_EXERCISE DIRECTIONS_.
From the records below, set down exactly the lines starting with the line that contains "Seattle, Washington, Stati" and going on through the line that contains "Black/grey/why plaid pants - Picture 3 of 6". Nothing else is wanted.

_MATERIAL FOR THIS EXERCISE_.
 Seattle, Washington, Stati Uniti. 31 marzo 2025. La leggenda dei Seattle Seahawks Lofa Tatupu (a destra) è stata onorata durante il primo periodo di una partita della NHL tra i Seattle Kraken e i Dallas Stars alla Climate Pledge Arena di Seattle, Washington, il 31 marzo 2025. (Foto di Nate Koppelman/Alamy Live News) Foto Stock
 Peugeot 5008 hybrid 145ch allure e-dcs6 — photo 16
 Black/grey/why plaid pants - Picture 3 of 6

...

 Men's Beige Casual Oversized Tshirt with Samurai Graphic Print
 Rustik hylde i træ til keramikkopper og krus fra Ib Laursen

--

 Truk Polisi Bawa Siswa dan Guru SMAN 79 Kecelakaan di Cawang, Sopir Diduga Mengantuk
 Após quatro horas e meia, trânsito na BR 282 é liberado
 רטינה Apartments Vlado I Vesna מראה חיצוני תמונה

_REPLY TO THE TASK_.
 Seattle, Washington, Stati Uniti. 31 marzo 2025. La leggenda dei Seattle Seahawks Lofa Tatupu (a destra) è stata onorata durante il primo periodo di una partita della NHL tra i Seattle Kraken e i Dallas Stars alla Climate Pledge Arena di Seattle, Washington, il 31 marzo 2025. (Foto di Nate Koppelman/Alamy Live News) Foto Stock
 Peugeot 5008 hybrid 145ch allure e-dcs6 — photo 16
 Black/grey/why plaid pants - Picture 3 of 6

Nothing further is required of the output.